La Cour administrative d’appel de Lyon a validé la création d'une commune nouvelle sous la dénomination « Les Deux Alpes ». Cet arrêt, classique sur le fond, rappelant les principes fondamentaux encadrant la création d'une commune nouvelle, permet aux magistrats de préciser les règles applicables s’agissant du choix du nom d'une commune nouvelle, et notamment la nécessité de respecter le droit des marques.
Alors qu’au 1er janvier 2019 la France comptait 794 communes nouvelles regroupant 2 500 communes, l’étude des projets de fusion ayant eu lieu sur le territoire démontre que le choix du nom de la future commune est fréquemment source de crispation lors de la mise en œuvre concrète du projet de fusion. Entre volonté de conserver l’identité des communes fusionnées, difficultés pour trouver un nom générique et contestations juridictionnelles, le choix du nom de la commune nouvelle s’avère être un véritable frein à la concrétisation des projets. C’est ce qu’illustre l’arrêt d’espèce, rendu le 18 novembre 2019 par la 3e chambre de la Cour administrative d’appel de Lyon.

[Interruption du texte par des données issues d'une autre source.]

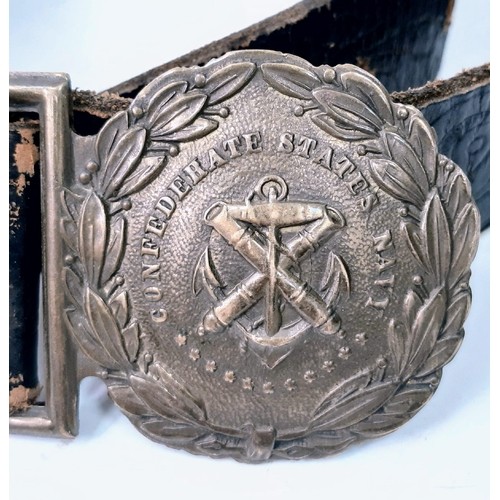 635 - A Very Rare US Navy Belt with Brass Buckle Marked Confederate States Navy and on the Reverse ISAAC, ...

Par délibérations conjointes du 23 juin 2016, les communes de Venosc (38143) et Mont-de-Lans (38860) ont sollicité du Préfet de l’Isère la création d’une commune nouvelle sur le fondement de l’article L. 2113-2 du Code général des collectivités territoriales (CGCT) . Suite à une nouvelle délibération de la commune de Mont-de-Lans le 27 septembre 2016 (délibération destinée à préciser certains points du projet de fusion), le Préfet de l’Isère a acté, par arrêté du 28 septembre 2016, la création de la commune nouvelle. Cette commune, créée sous la dénomination « Les Deux Alpes » devait se substituer aux communes de Mont-de-Lans et Venosc à compter du 1er janvier 2017.
Cependant, suite à l’adoption de l’arrêté préfectoral, l’association « Avenir Mont-de-Lans », opposante au projet de fusion, a attaqué, devant le tribunal administratif de Grenoble l’arrêté du 28 septembre 2016 actant la création de la commune nouvelle.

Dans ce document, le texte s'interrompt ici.